Susan Rosenberg Jones —Second Time Around
After having been married for 32 years my husband passed away in 2008, after a long illness. Once widowed, I experienced the confusing and mixed feelings of grief: guilt, loneliness, regrets, indelible memories of loving glances, hugs, and laughs. In 2009 I decided to try online dating because I wanted to meet a man for an occasional movie or dinner date.
The second man I met online was Joel, and we felt a bond right away. Soon after, I closed my account on JDate. We married in January of 2012 in a lovely ceremony at home. I hadn’t expected to fall in love, but I did. To my surprise and delight, I found that I could deeply love this wonderful man who entered my life, while holding dear the memories of my first husband.
Having been in a long-term marriage, I came to this new relationship with the tools in place to be a good wife. We quickly fell into the routine and ease of being a stable married couple, except that we were newlyweds in our 60's. There is humor in that. For one thing, our bodies are not supple and streamlined the way they were when we were young. We both come with a lot of baggage, and at our ages, it’s no big deal, nothing to get excited about. We’ve both seen a lot, done a lot, and have higher thresholds for idiosyncratic behavior than in our 20’s and 30’s.
In this series, Second Time Around, I delight in observing my new husband as he goes about living day to day. We both know that life is short, and perhaps because of our new found love and comfort, can journey through this life with a certain enthusiasm. We feel secure, yet we know we’re lucky.
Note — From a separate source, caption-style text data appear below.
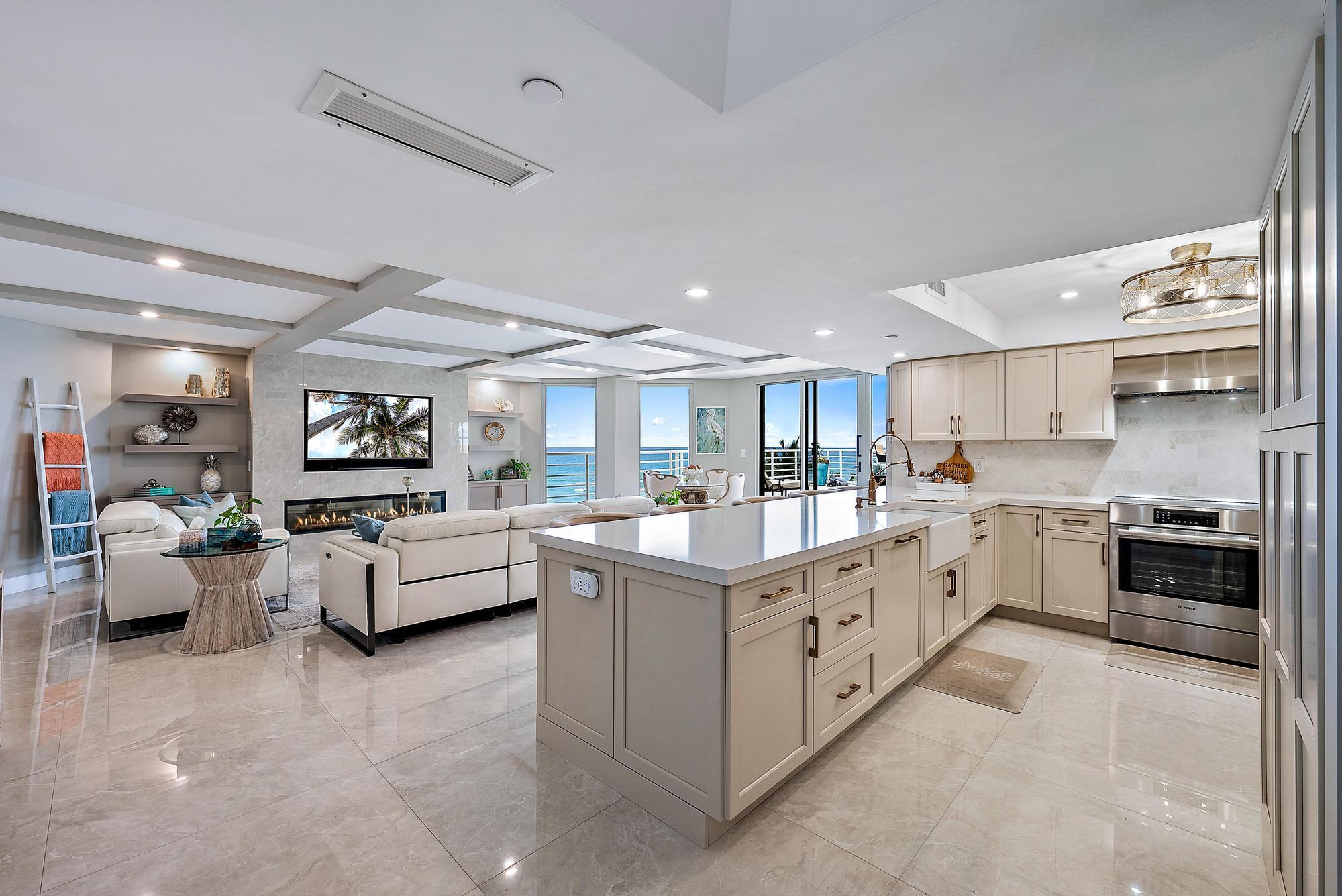 CORINTHIANS CONDO - Residential Lease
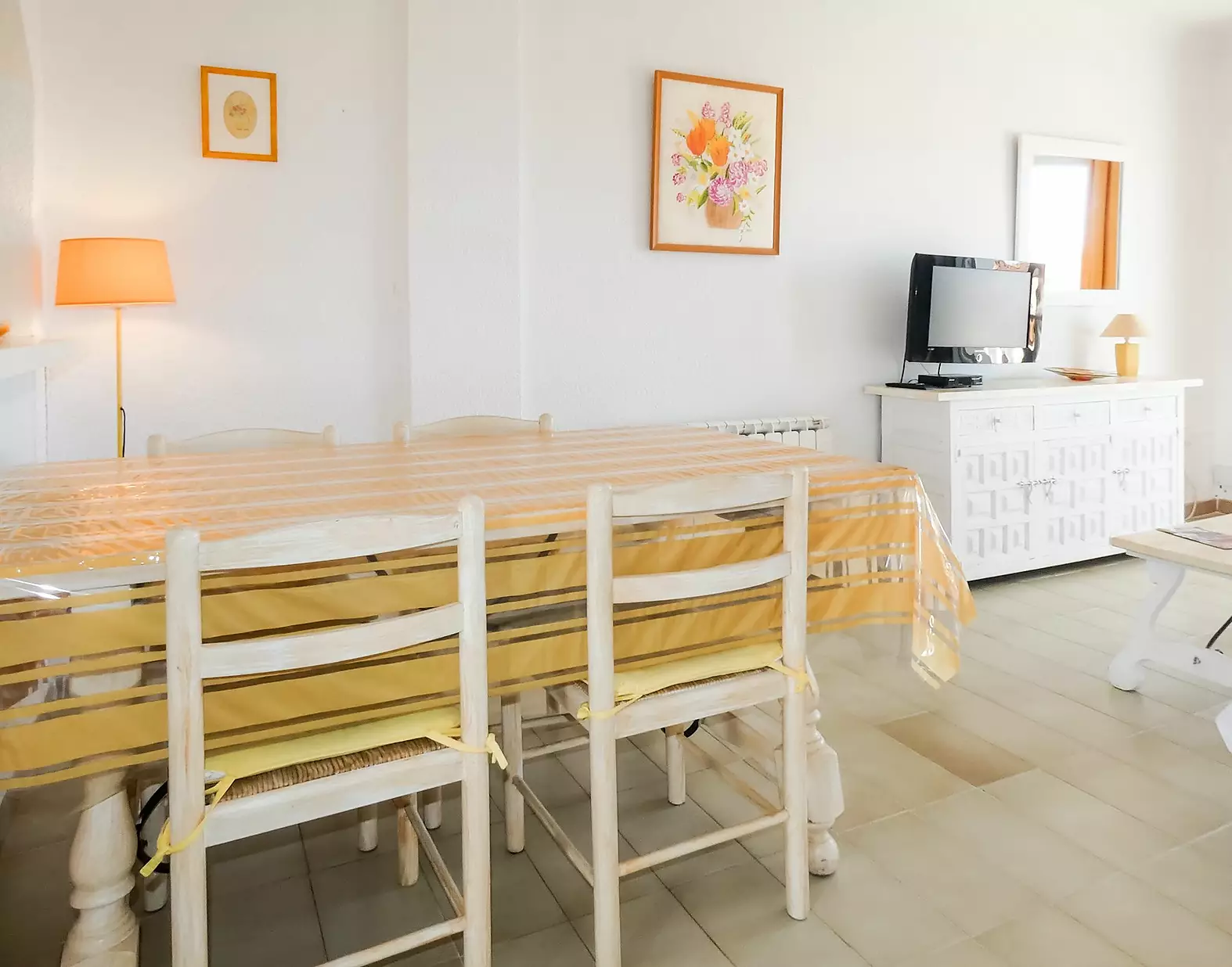 Apartment with pool and tourist license for sale in Empuriabrava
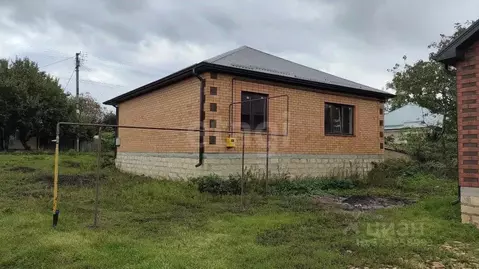 Дом в Ставропольский край, Михайловск Шпаковский район, ул. ...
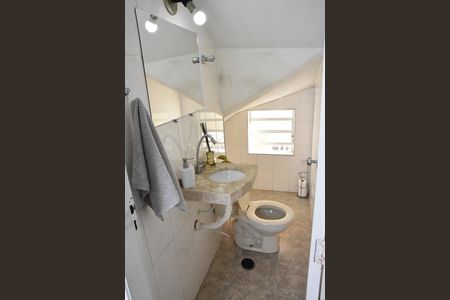 Casa para alugar com 136m², 3 quartos e 2 vagas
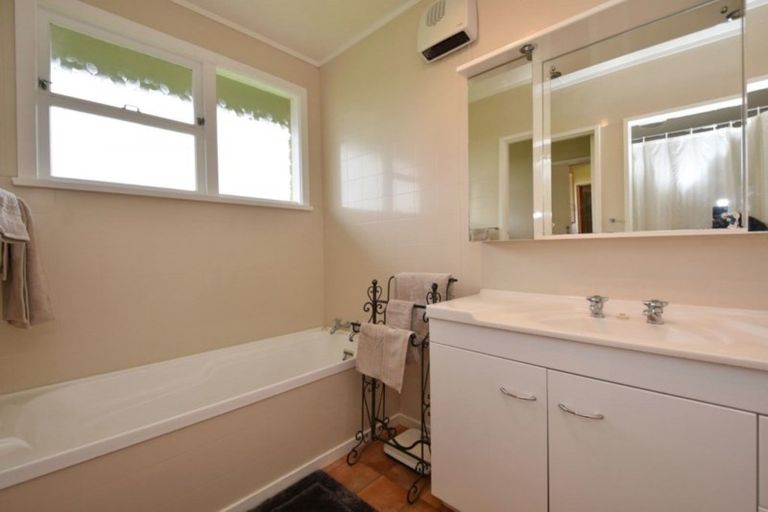 Photo of property in 219 Marama Avenue North, Otatara, Invercargill, 9879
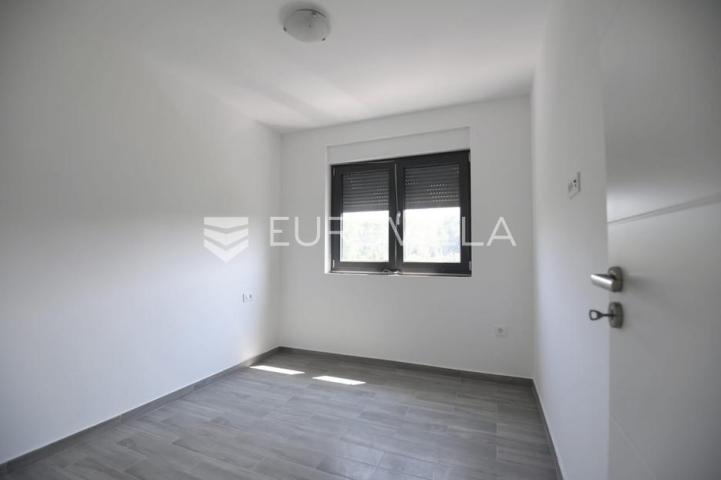 Zadar, Zaton, trosoban stan s krovnom terasom, 50 m od mora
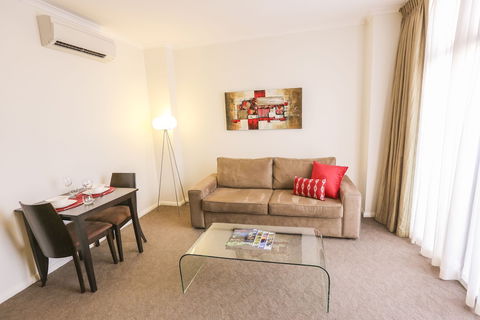 Indulge Apartments - Ontario - VIC Tourism 2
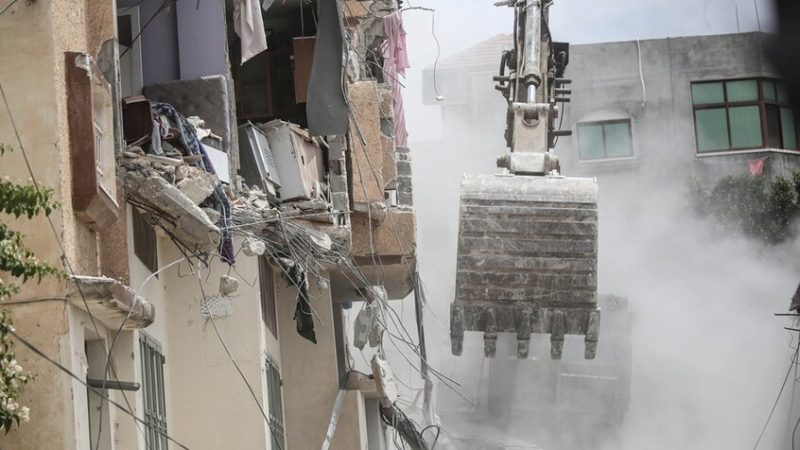إسرائيل تهدم منشأة تجارية وعمارة سكنية في باب العمود ضمن حملة تهجير ممنهجة بالقدس (فيديو)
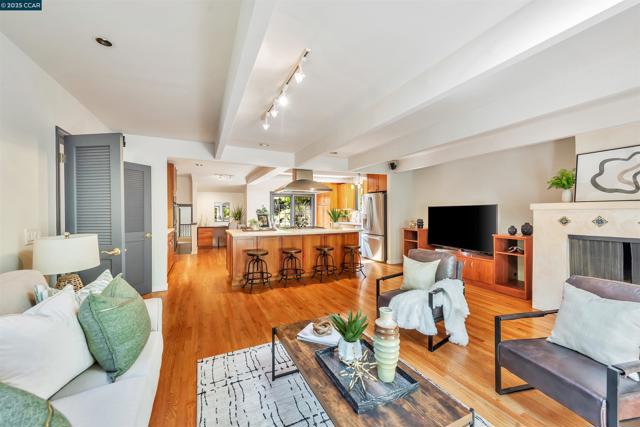 23 El Verano, Orinda CA: https://media.crmls.org/mediaz/c6a82179-bb0d-4256-8d7d-5baf63492273.jpg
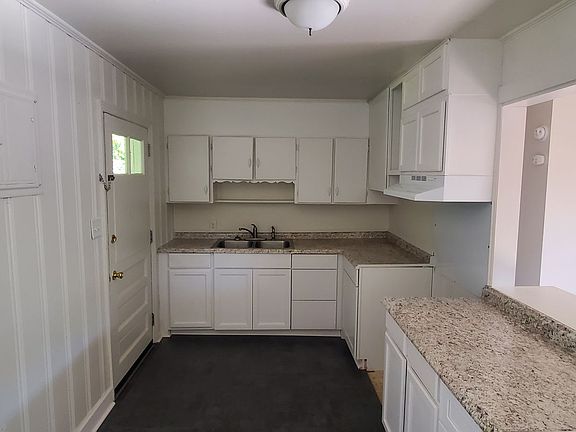 3rd image of 1530 McCormick St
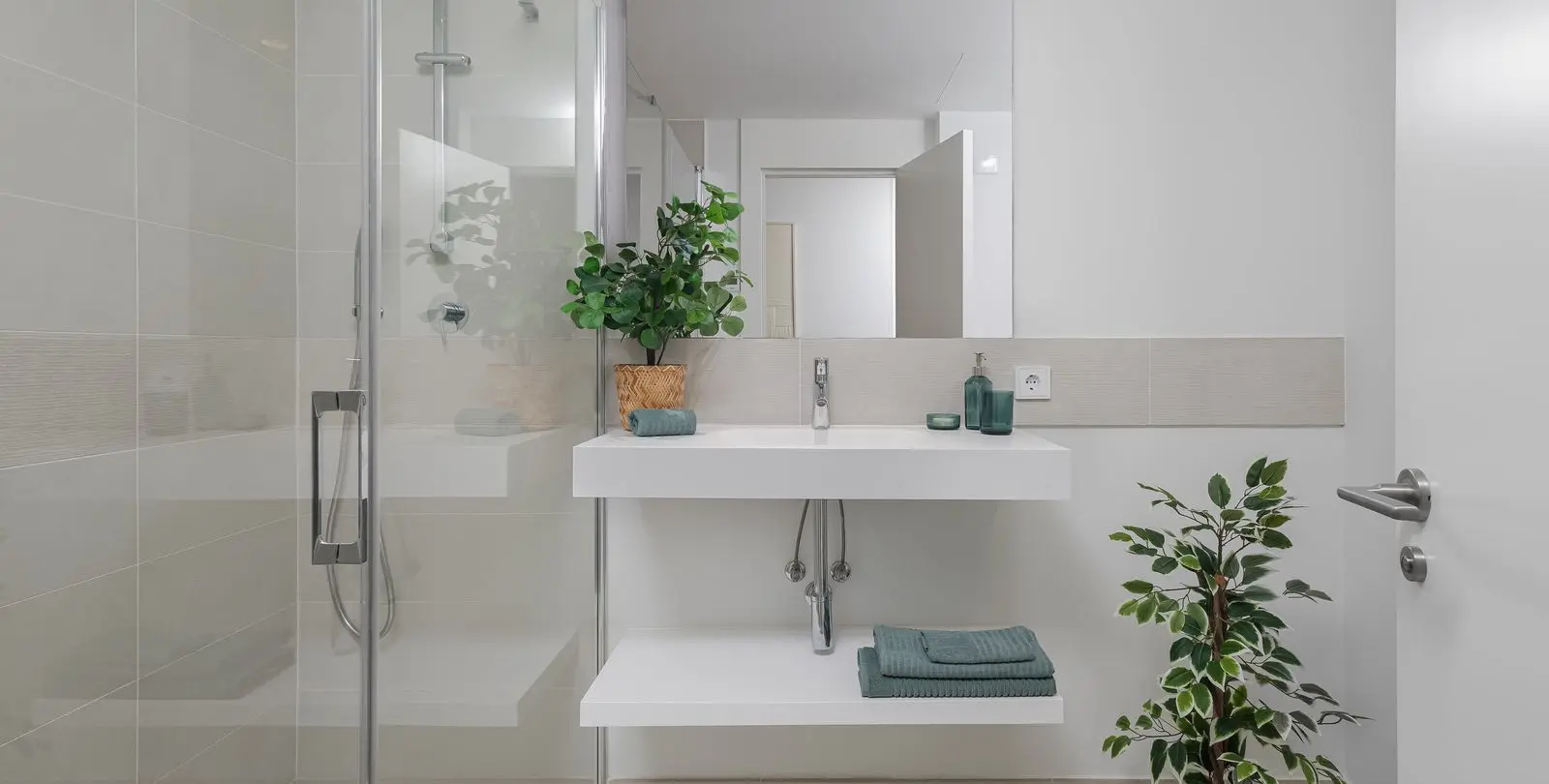 Sale of middle floor apartment in Fuengirola 25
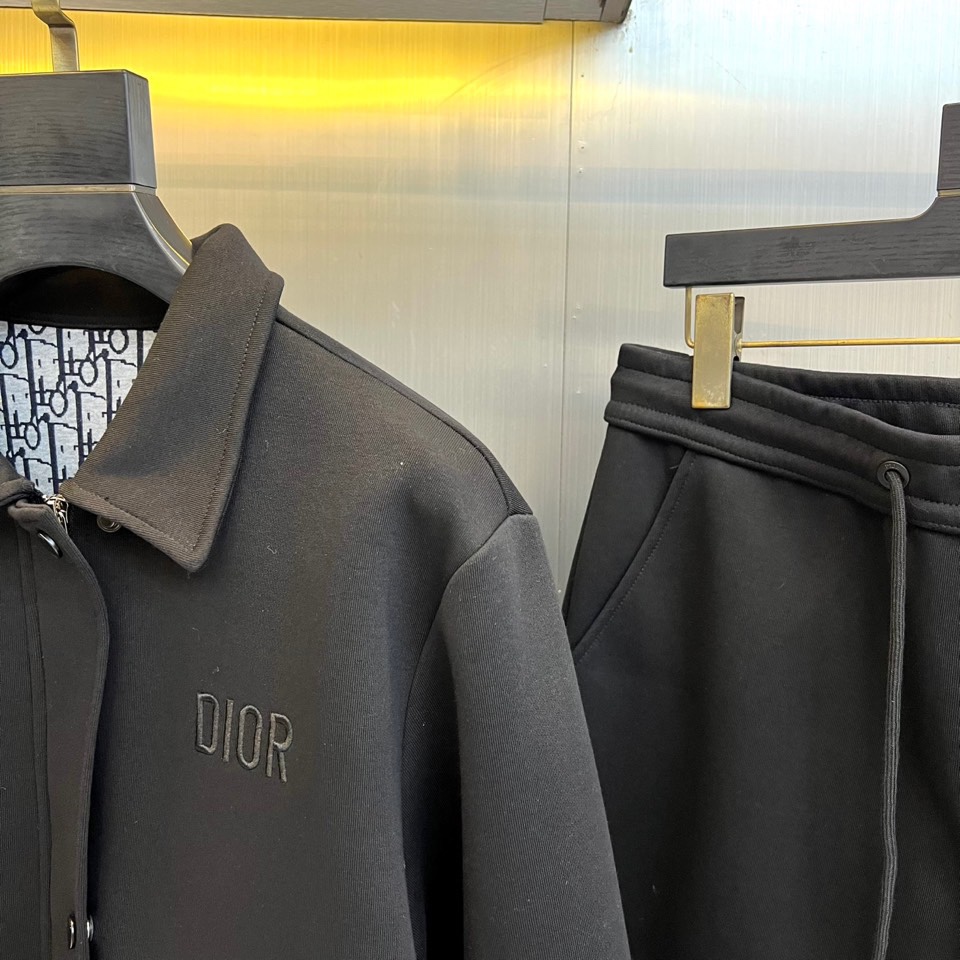 Dio迪奥、2025秋冬新品时尚套装，本套装包含一件翻领夹克与同色系休闲长裤。夹克采用经典翻领与利落剪裁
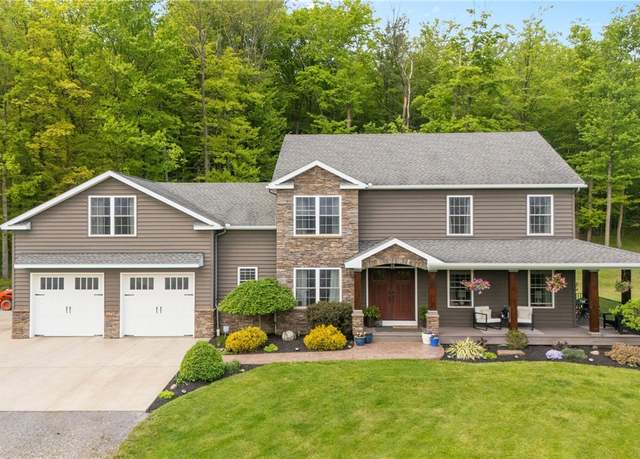 Property at 13 Colony Ct, Alexander, NY 14011, 5 beds, 3 baths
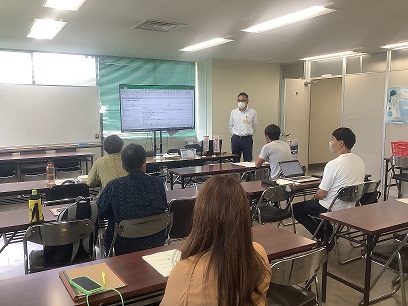令和5年度いちごアカデミーの初回授業の様子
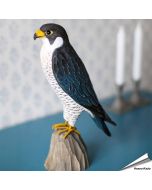 Houtgesneden vogel in de vorm van een Slechtvalk is een mooie decoratie waar het hele gezin dol op zal zijn ✔️ Levensecht vorm- en kleur gegeven model ➤ Koop nu online bij Aniculis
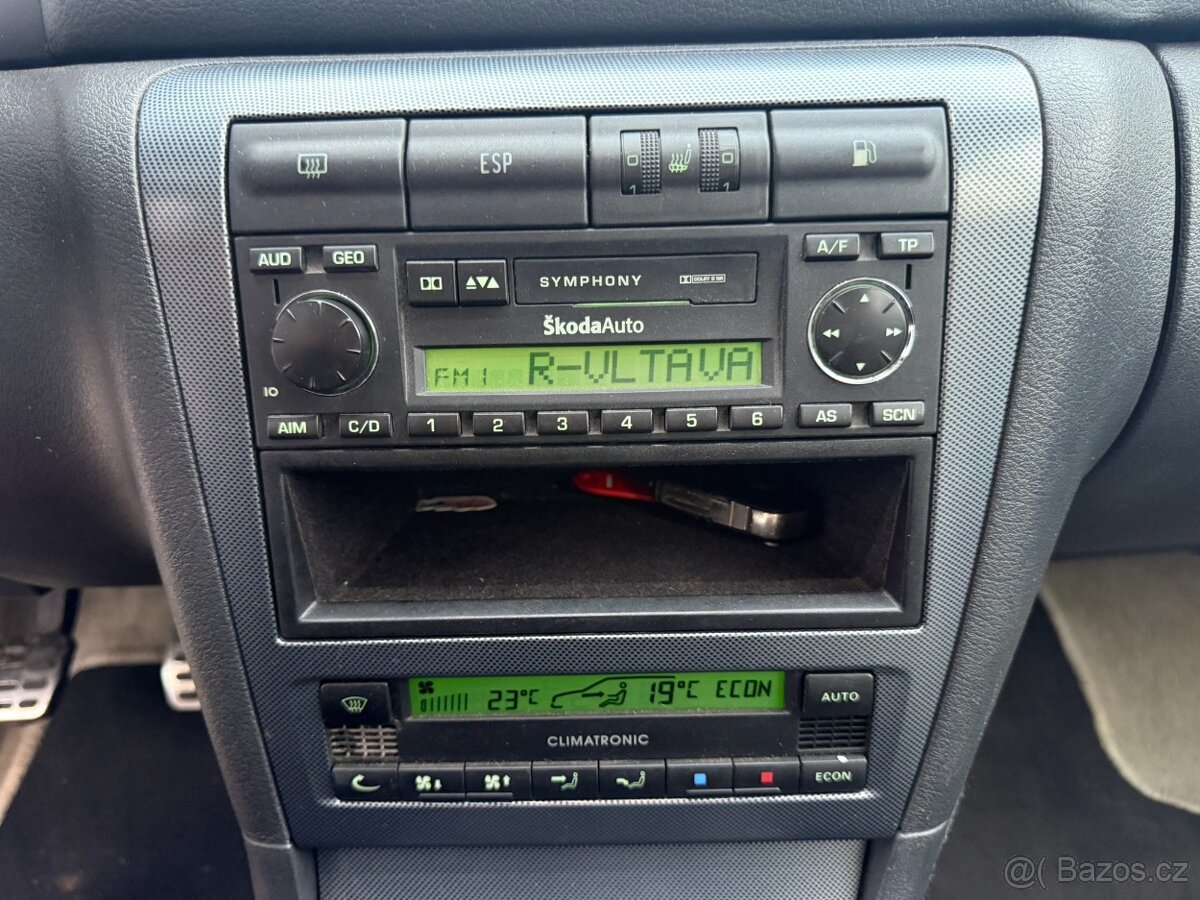 Škoda OCTAVIA RS 1.8T XENON TEMPOMAT 2004 - 9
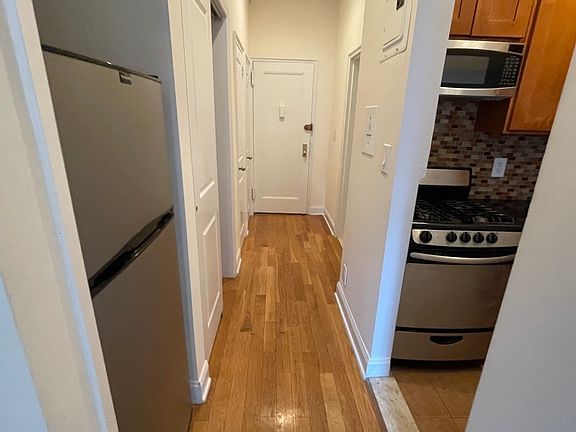 4th image of 321 E 66th St APT 3G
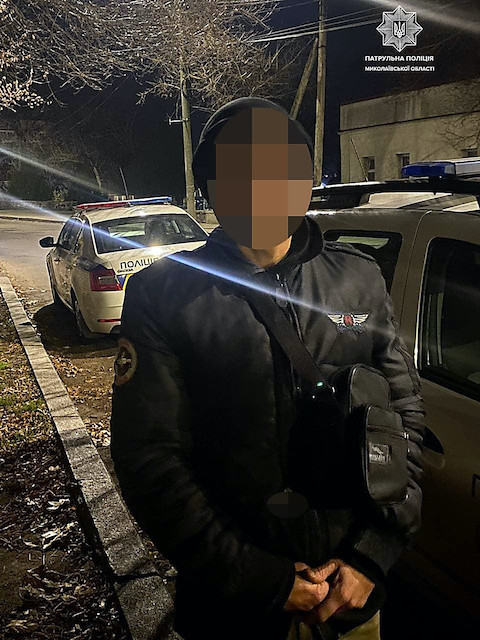 Свежие новости: Николаевские патрульные ночью задержали двух мужчин с наркотиками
Susan Rosenberg Jones was born and raised in Boston, and moved to New York City in 1976. She has worked as a custom black and white printer, a picture agent in stock photography, and as a photographer of portraits and events. In 2011 she began work on Building 1, a series about her neighbors in the apartment complex in Tribeca where she’d lived since 1984. In 2012 she married her second husband, Joel. As a tangent to her photographs of her neighbors, she began shooting in her own home, and Joel was a willing subject. From this practice, Susan’s body of work, titled Second Time Around emerged. Susan explores her feelings about growing older, family and community connections, through photography.